Cheap security for web-based games!

h3. This is new to me, but I imagine true security fiends have already thought about this issue plenty, so I apologize if I’m repeating “news” that’s already been mentioned.

I came across an interesting security mechanism in my quest to automate some “Kingdom of Loathing”: stuff in ruby the other day. Their login system isn’t hosted on a “secure” server, which means that (under normal circumstances) anybody can snoop the network traffic, get your password, and end up stealing your account.

For a web-based game, this isn’t (usually) a big enough reward for the time spent sniffing through network traffic and hacking the account, so most such games haven’t got any security on their login forms (including my web-based games, though I may change this when I’m hugely successful). For online banking, obviously the rewards are much higher, so those sites need to be secure.

But what is it to be a secure web site? At the time of this writing, I’m of the belief that it costs a good deal of money to have essentially public-domain technology applied to a web site in order to get the stupid little “this site is secure” icon that makes people willing to put credit card, social security, and other private data into a web form.

I’m not saying that “VeriSign”: is just in the business to rip people off – they provide a lot of services other than just encryption. My problem is merely that the technology of encrypting sensitive data, and assuring a user that a site is safe, shouldn’t cost an arm and a leg, especially for low-traffic sites such as a niche web game, where annual profit may be as low as one or two thousand dollars.

The technology used for website security is pretty basic, really. I mean, it’s powerful stuff and considered unbreakable, but the same security is available in libraries for dozens of languages for free – it’s just strange to me that these algorithms cost so much money ($500+ per year) to implement on a web server. Which brings us back to “Kingdom of Loathing”:….

I was writing a little script to automate login, trading, and some other minor things in this game. When I reached the login I found a very interesting twist – when you submit the form, your password is not sent to their servers. Instead, your password is processed and altered quite a bit: * The server sends your browser a session-specific “challenge” code, which is essentially a one-time code for encryption (yes, I tried using the same code multiple times with no luck, which makes me think it’s probably stored on the server with your session data). * Your browser uses javascript to first get an MD5 of your password, then an MD5 of that value concatenated with the challenge code. * This final MD5 is what’s sent to the servers.

This system doesn’t provide what VeriSign provides – it is only encrypting data going from the browser to the web page, not an entire area of the site. Incoming data is totally unprotected, which can be problematic in some cases (although I’d bet clever javascript could fix that to some extent by using true two-way encryption). And let’s face it, simply using a couple MD5 hashes and one-time keys isn’t enough to guarantee security.

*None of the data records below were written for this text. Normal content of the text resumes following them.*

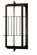 Rockport Two Light Wall Sconce in Textured Black (57|29561)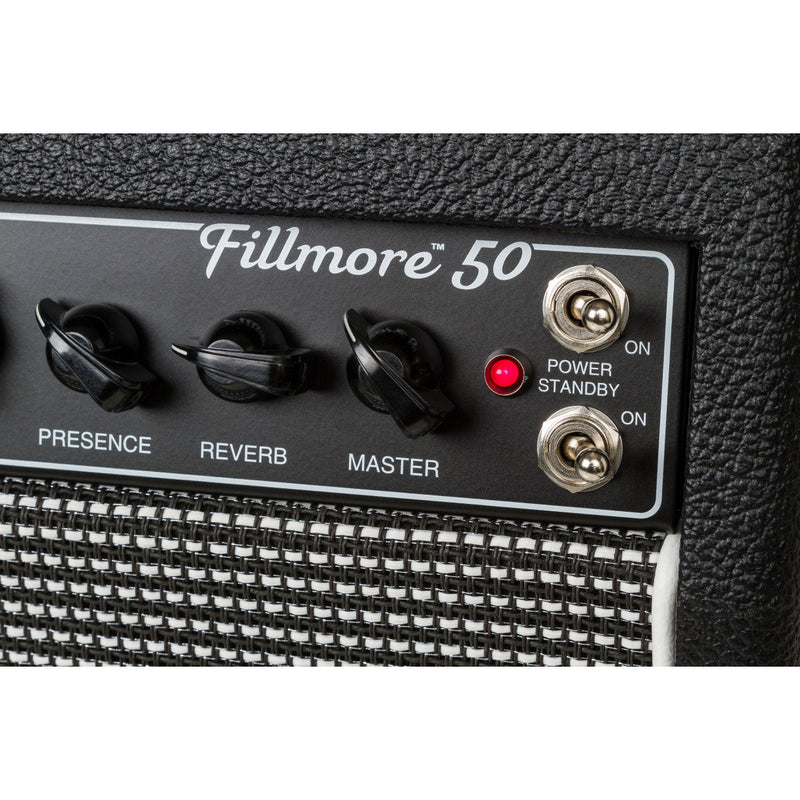 Mesaboogie Guitar Amplifiers Mesaboogie Fillmore 50 - Pure Vintage Inspiration Head 2.FL50X.230R.AS Buy on Feesheh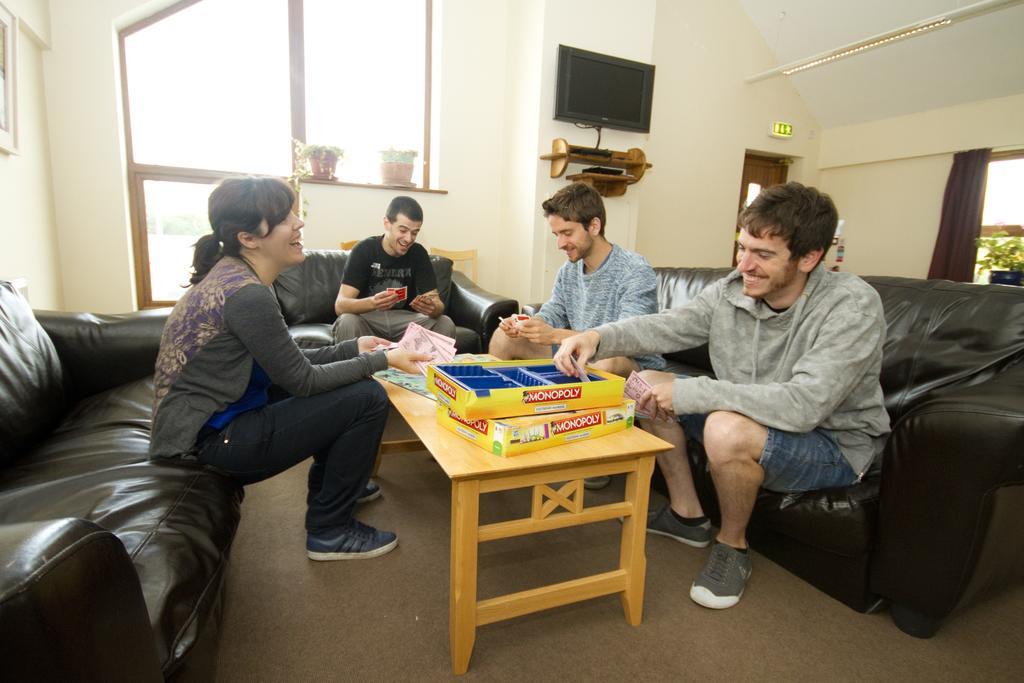 Errigal Youth Hostel Gweedore Eksteriør billede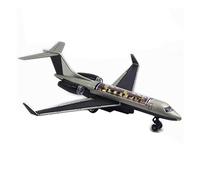 Aereo in Metallo Miniatura 1:400 Fit For Track Inerzia Aeromobili Musica Storia Lega Business Jet Passeggero Aereo Giocattolo Modello Di Aeroplano(Antique Gold)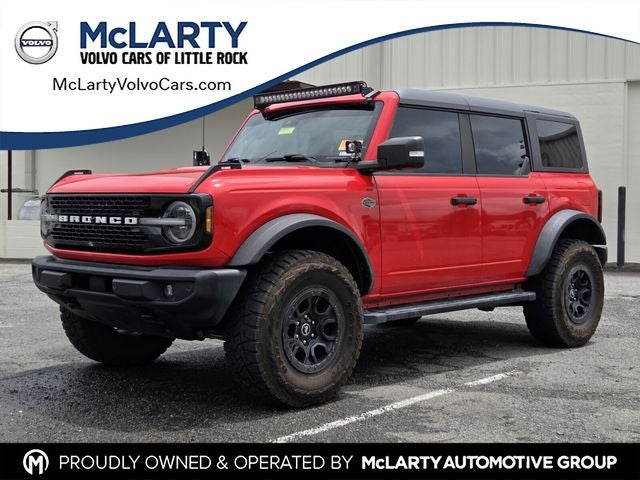 2022 Ford Bronco Wildtrak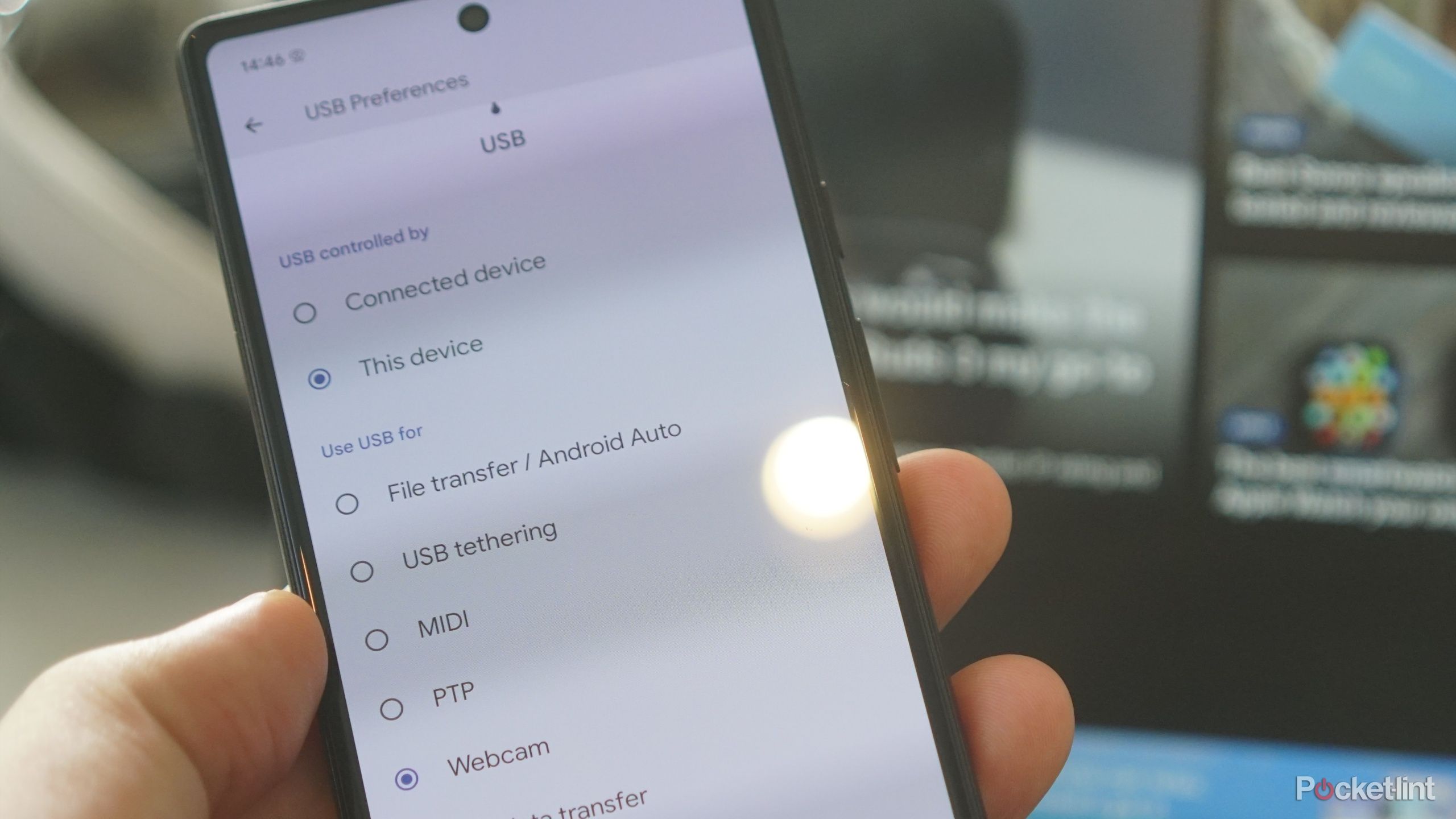 How to use your Pixel phone as a webcam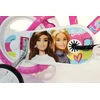 Kubisport Dviračio vaikams 12 colių Barbie mergaitei su krepšeliu Dino Bikes (Kub_05-CSK5124K/BA)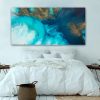 Large Ocean Painting For Sale Artist Petra Meikle De Vlas3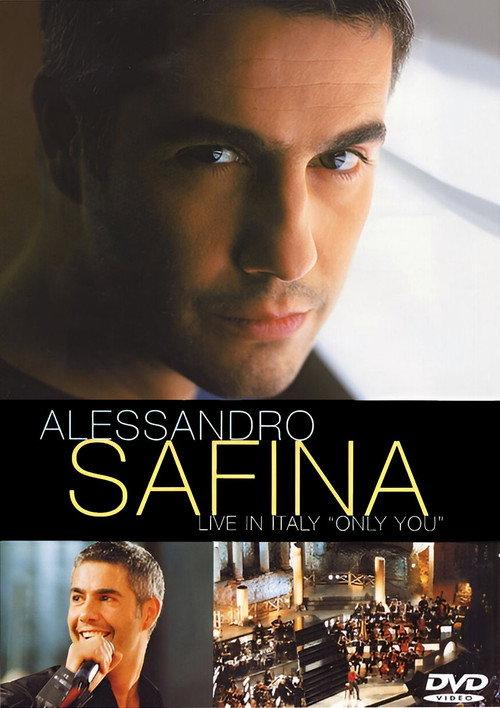 Alessandro Safina: Live in Italy 2001 official movie poster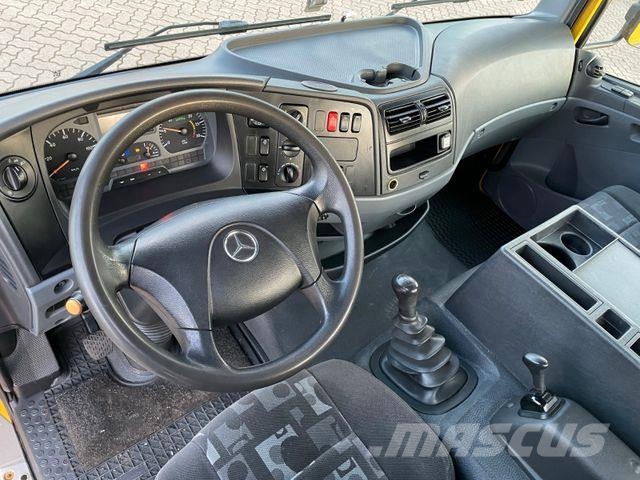 Mercedes-Benz Atego 818 L Techau/ Winde/ AC/ AHK/ NL 2.6t/ E5 Camiones portacoches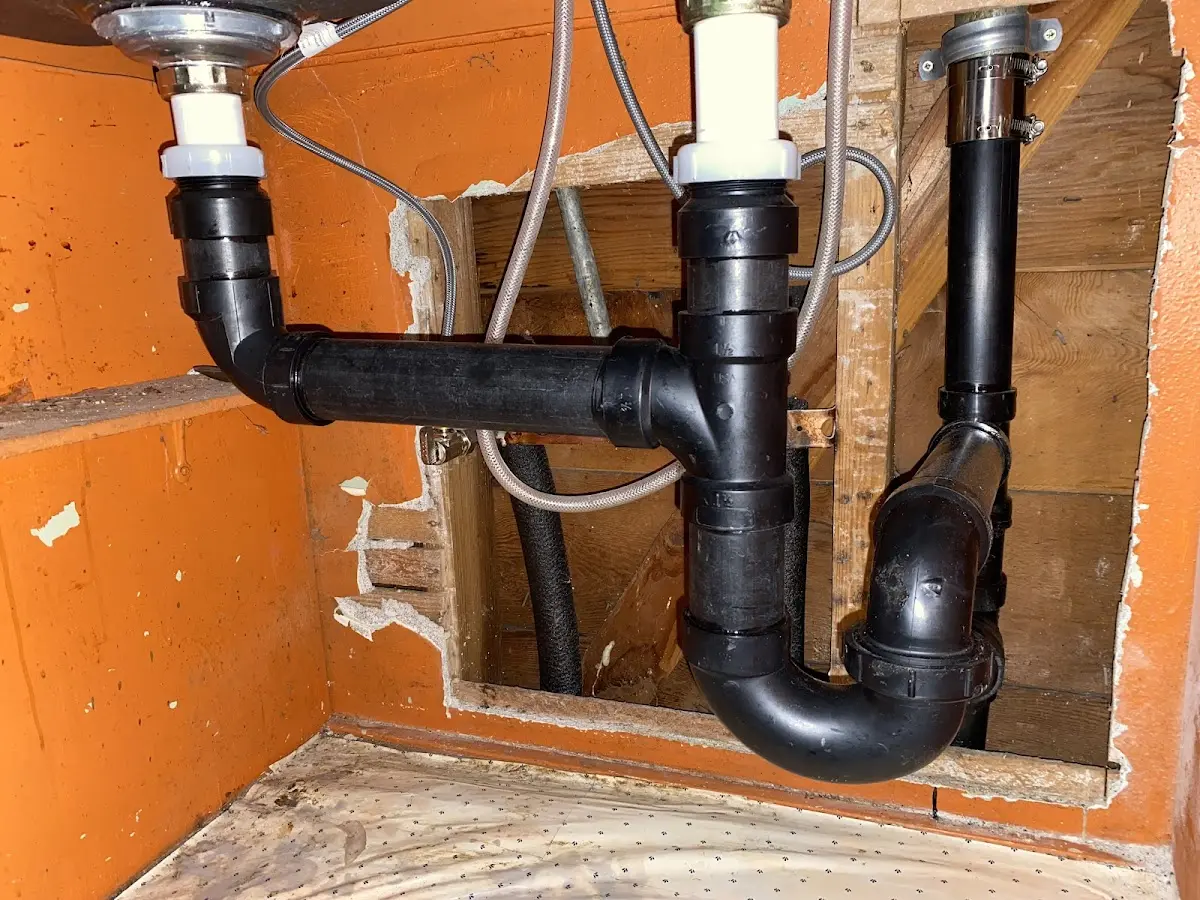 Professional Plumbing Inspection equipment and tools on the job in Lake Elmo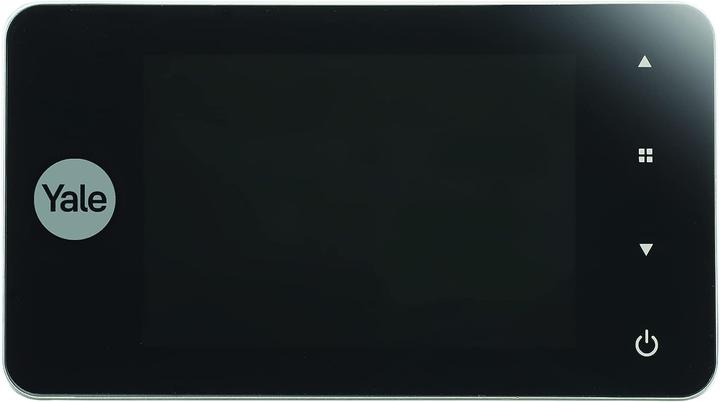 Yale Judas numérique DDV 4500, écran 4", argent, incl. sonnette & vision nocturne (Numérique)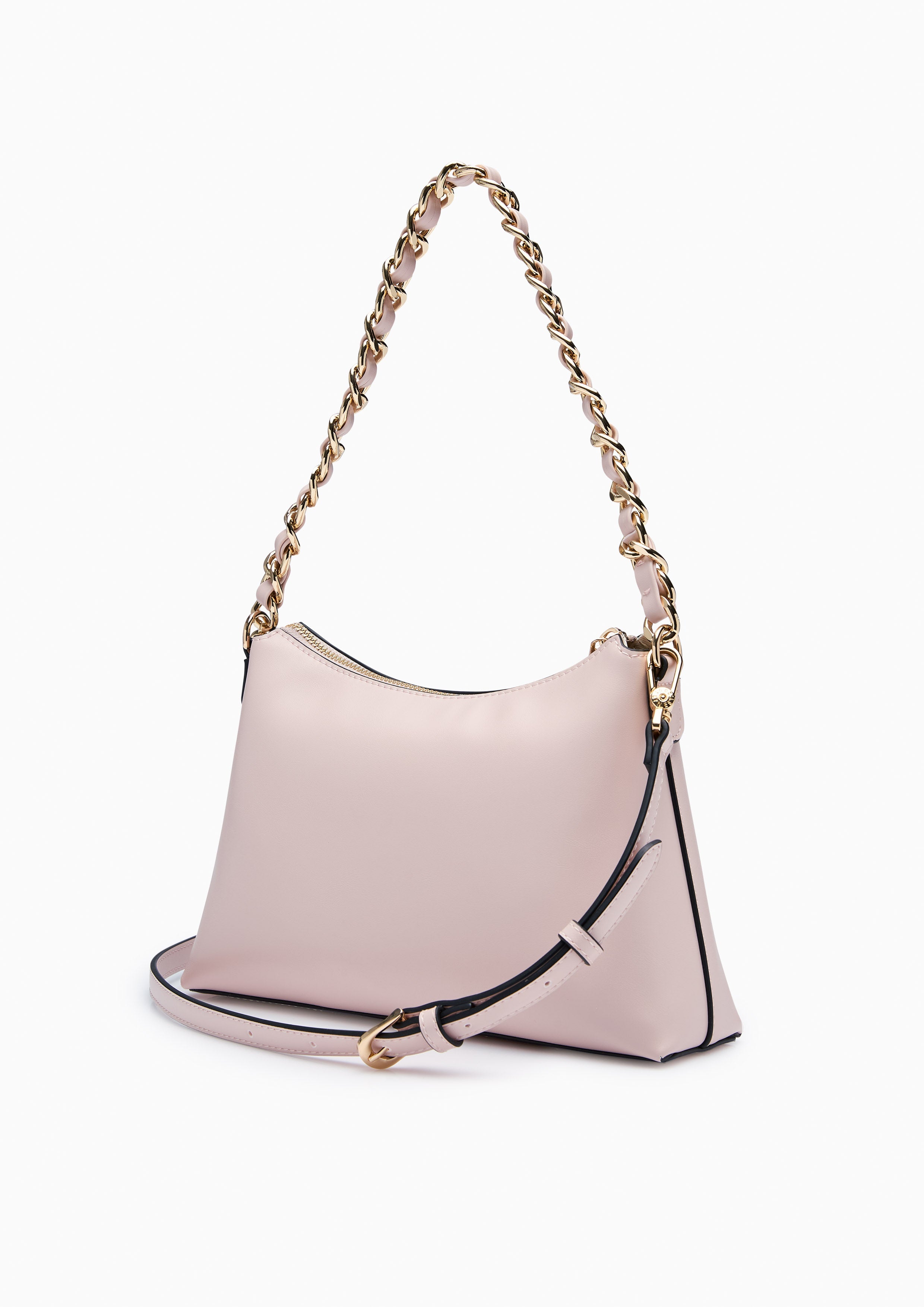 Madelynn S Shoulder Bag - Light Pink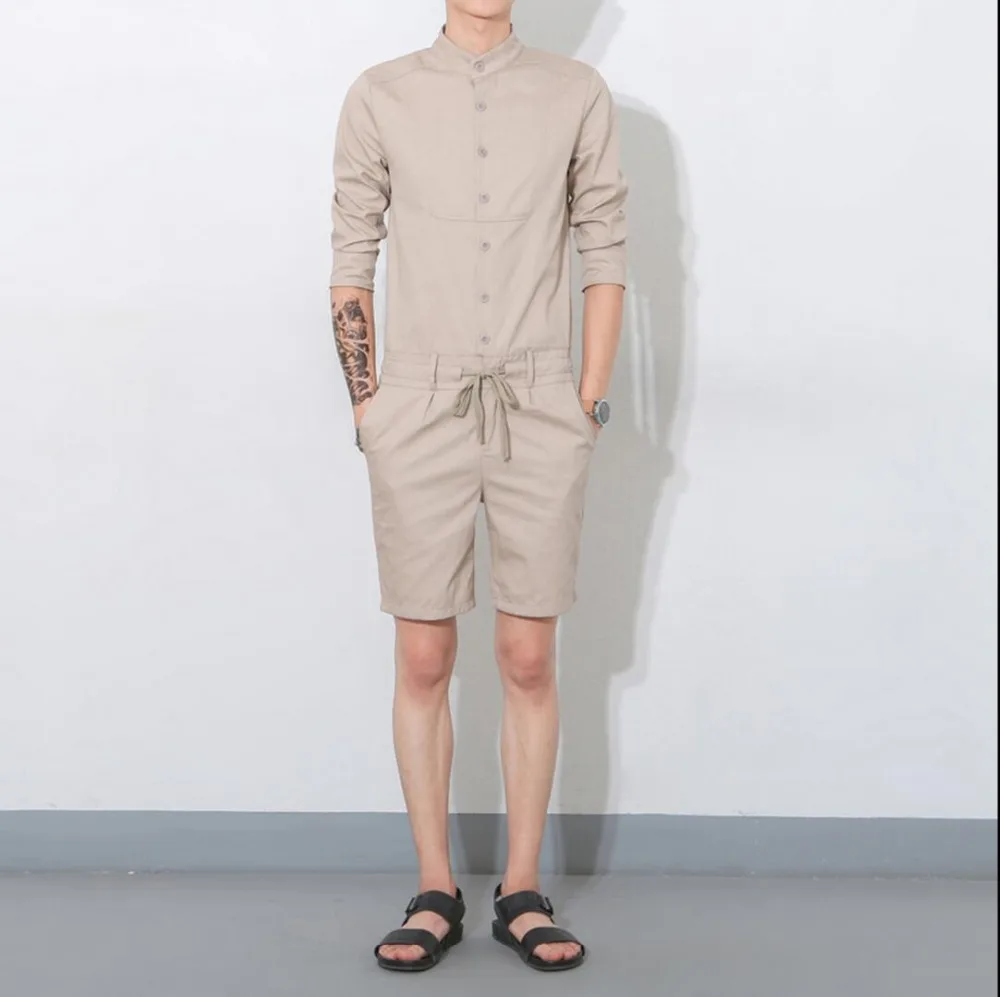 Online Buy Wholesale jumpsuit pants men from China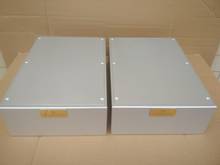 Chasis amplificador de aluminio, caja de preamplificador, caja de bricolaje (216x90x308mm), 2 uds. 2024 - compra barato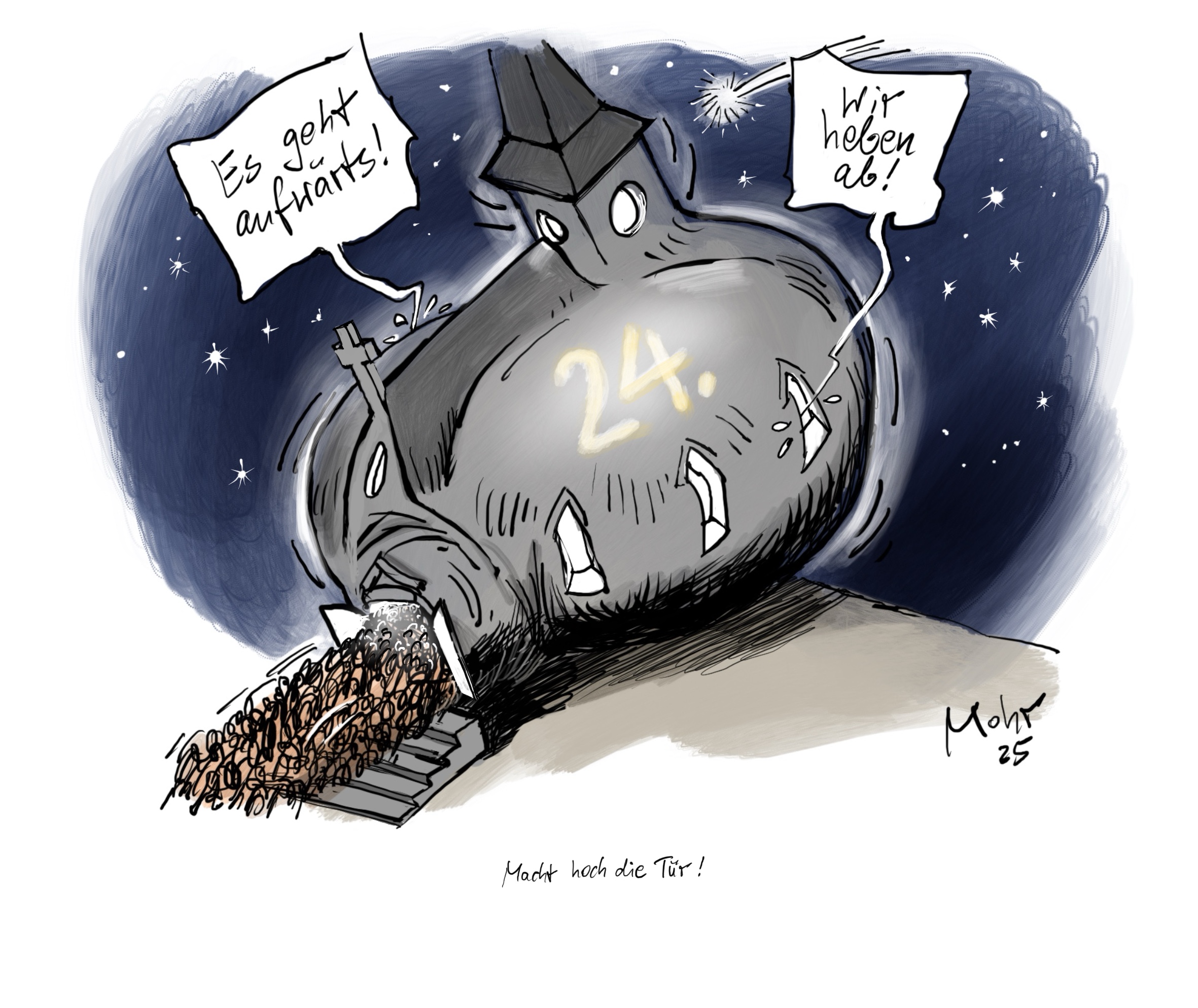 Macht hoch die Tür!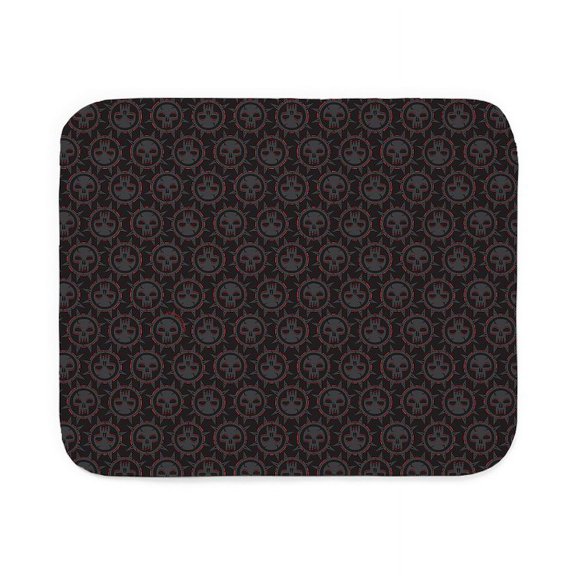 CafePress - Magic Black Mana Pattern - Sherpa Fleece Throw Blanket 60" x 50"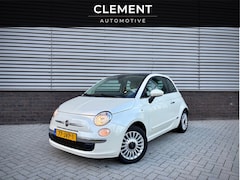 Fiat 500 - 1.2 Lounge AUTOMAAT RIJKLAAR|PANODAK|CLIMATE|PDC|1ST. EIG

I’d imagine if the reward was high enough, somebody could figure a way to capture the data for a while, analyze it, and eventually work out either a password or else a security hole of some kind.

But it isn’t so much about having 100% security in this case – it’s about having “good enough” security for the situation. If the rewards aren’t worth the time, even a simple “Caesar cipher”: is good enough security. And if we could implement a decent key exchange for a more powerful encryption system (“Diffie-Hellman”: plus “AES / Rijndael”:, for instance), we could ensure that small pieces of a site were 100% secure “for free”. From my minimal research, it does appear that many encryption algorithms do already exist in javascript.

So for all the web game developers out there, or other small-profile sites – if the only security you truly need is a few form passwords here and there, this MD5 solution used by KoL is probably not a bad fit. And if you need more security, a fully javascript solution shouldn’t be discounted, especially if you need high (but not necessarily perfect) security, but don’t have the extra money to pay for it.